This is a recipe I picked up during my travels to Greece - particularly to Kalamata (where the olives are grown!).  The Greek word is kolokythokeftedes which literally means "Zucchini Balls." Please don't let the name put you off. It really is quite delicious and easy to replicate at home. Recreating the oceanside table in Greece might be close to impossible though!



Zucchini Cakes
Makes 6-8 servings


Ingredients:
  • 3 tablespoons olive oil
  • 1 small to medium onion, finely diced
  • 6 small zucchinis, grated (the darker the green, the better!)
  • 1 cup corn kernels
  • 3 tablespoons grated parmesan or pecorino cheese
  • 1 cup fresh breadcrumbs
  • 1 teaspoon dried oregano
  • 2 eggs, scrambled
  • Sea salt and fresh cracked pepper to taste
  • Tzatziki sauce for dipping, optional
  • Fresh dill to sprinkle on top, optional

Preheat oven to 350 degrees F. Line a baking sheet with parchment paper. Mix all ingredients together in a mixing bowl. Form the mixture into small balls, approximately two tablespoons in size. Place the balls on the parchment-lined baking sheet and flatten slightly (to form a "patty" shape).  Bake for 15 minutes on each side for a total of 30 minutes.  Option to add the tzatziki sauce and dill sprigs on top.  Serve warm or cold.
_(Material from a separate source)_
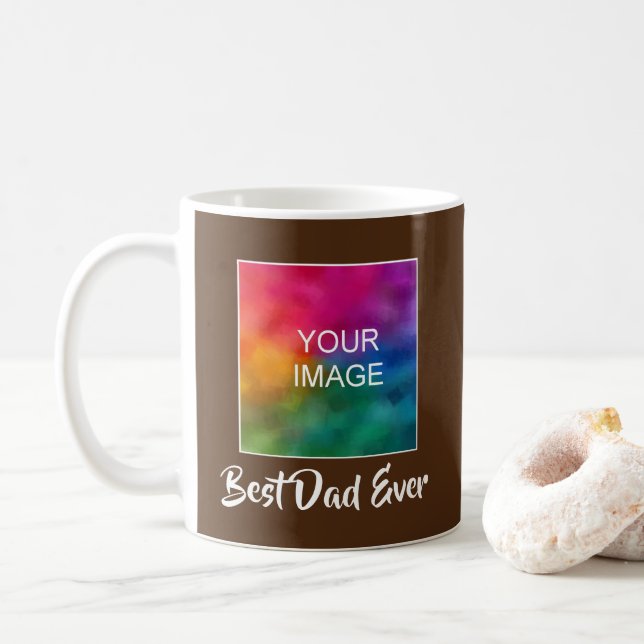 Moderne Elegante Typografie Braun Cool Bester Vate Kaffeetasse (Mit Donut)
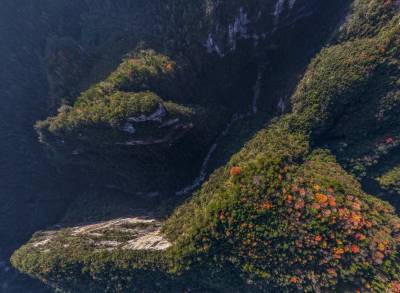 色彩斑斓山村美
Bon appetit to you and your bébés!

Monday, December 10, 2012

Time Saving Tips: Helping Busy Mothers Reclaim the Family Dinner

Launching our baby food company, Petit Organics while being full-time moms (we have a total of five kids between the two of us!) has been quite an experience.  At the beginning, our friends thought we were nuts to take on the challenge, but we have always truly believed in what we are doing – providing families with the only 100% organic, fresh baby food delivery service in Manhattan. After a long day whipping up perfect purees, the last thing either of us wants to do is head straight into our home kitchens to toil away for another hour making dinner.  We’re guessing most of the working moms out there share our sentiments! Since starting our business in 2010, we have gathered some fantastic shortcuts for getting a tasty dinner on the table quickly and efficiently. Read on for ten tips that will help you take back control (along with your sanity) when creating a delicious dinner for your family.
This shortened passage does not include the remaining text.